▸ Instructions to follow: Please write out only the lines from the line with "ENJOIN (Clutch L)" to the line with "JJERUSH HARRINGTON BOMBER NOOS Navy", inclusive, exactly as they stand below, without the pictures.
======== Exercise input ========
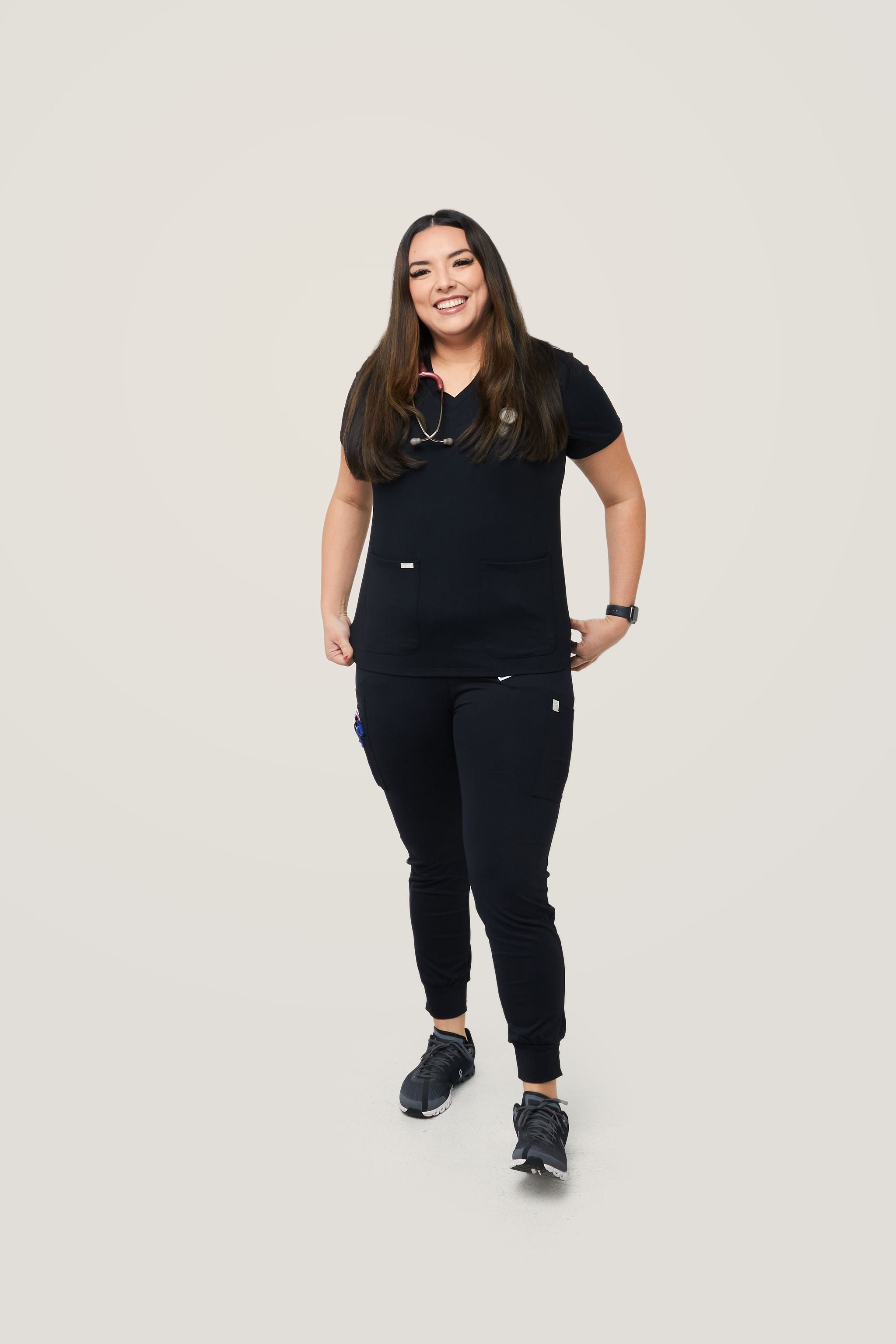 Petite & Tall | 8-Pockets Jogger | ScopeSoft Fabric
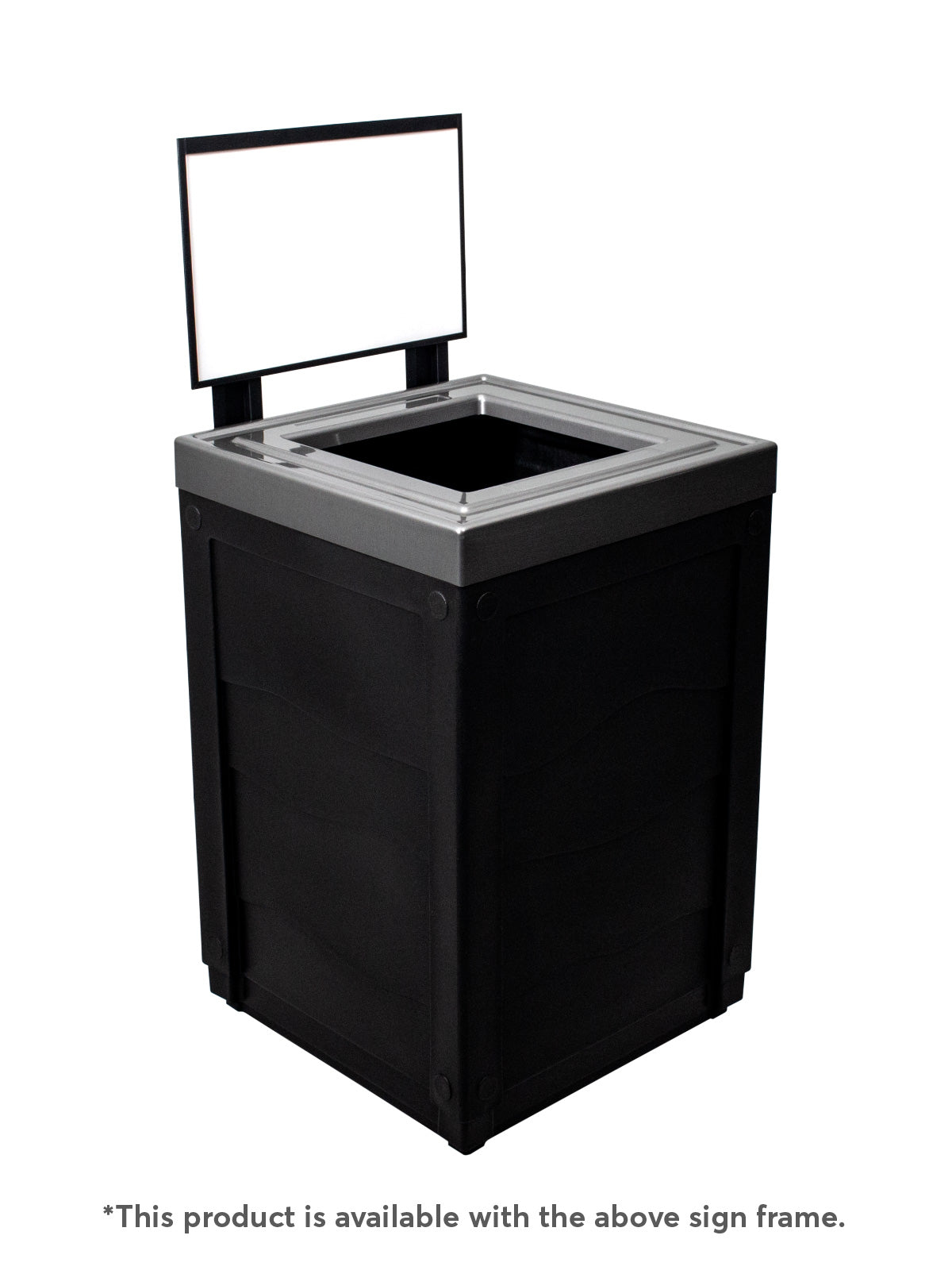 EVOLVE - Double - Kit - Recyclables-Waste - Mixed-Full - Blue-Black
========
======== Exercise input ========
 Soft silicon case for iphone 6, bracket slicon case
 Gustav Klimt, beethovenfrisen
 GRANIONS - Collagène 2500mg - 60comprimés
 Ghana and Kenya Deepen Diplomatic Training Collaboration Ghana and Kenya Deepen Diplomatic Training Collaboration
========
======== Exercise input ========
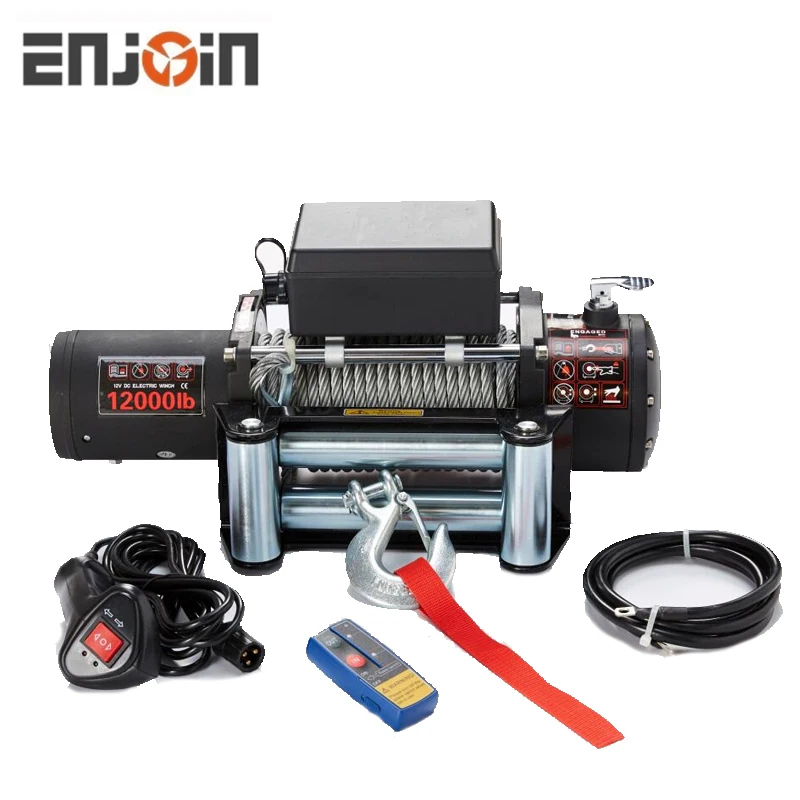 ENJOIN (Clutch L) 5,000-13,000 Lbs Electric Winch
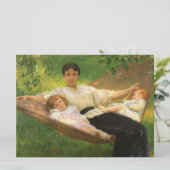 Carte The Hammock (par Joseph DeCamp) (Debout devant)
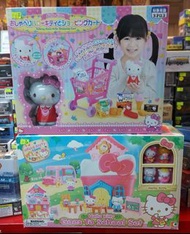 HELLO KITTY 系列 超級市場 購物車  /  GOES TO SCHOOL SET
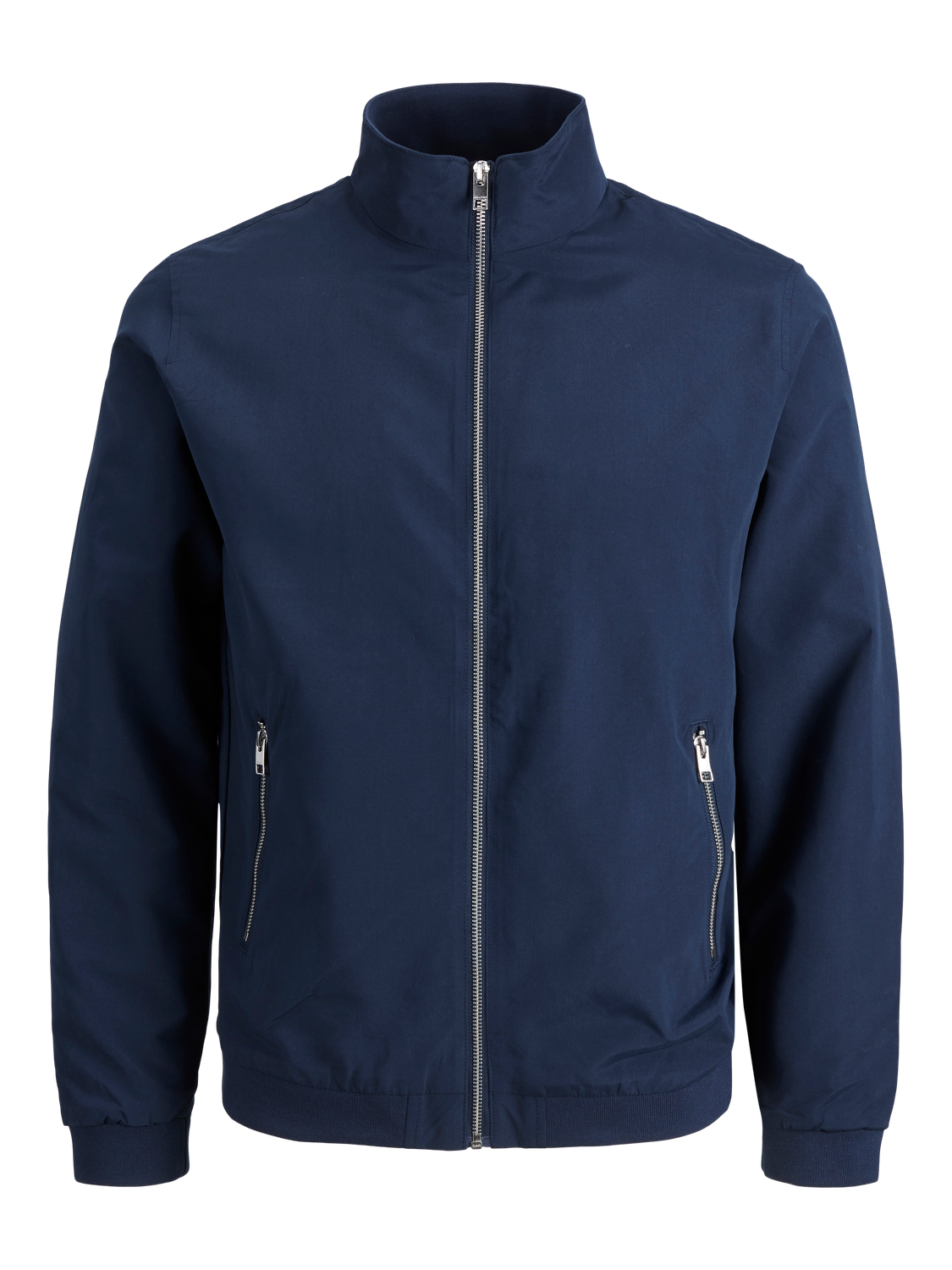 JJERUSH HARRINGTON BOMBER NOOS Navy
========
▸ Answer:
 ENJOIN (Clutch L) 5,000-13,000 Lbs Electric Winch
 Carte The Hammock (par Joseph DeCamp) (Debout devant)
 HELLO KITTY 系列 超級市場 購物車  /  GOES TO SCHOOL SET
 JJERUSH HARRINGTON BOMBER NOOS Navy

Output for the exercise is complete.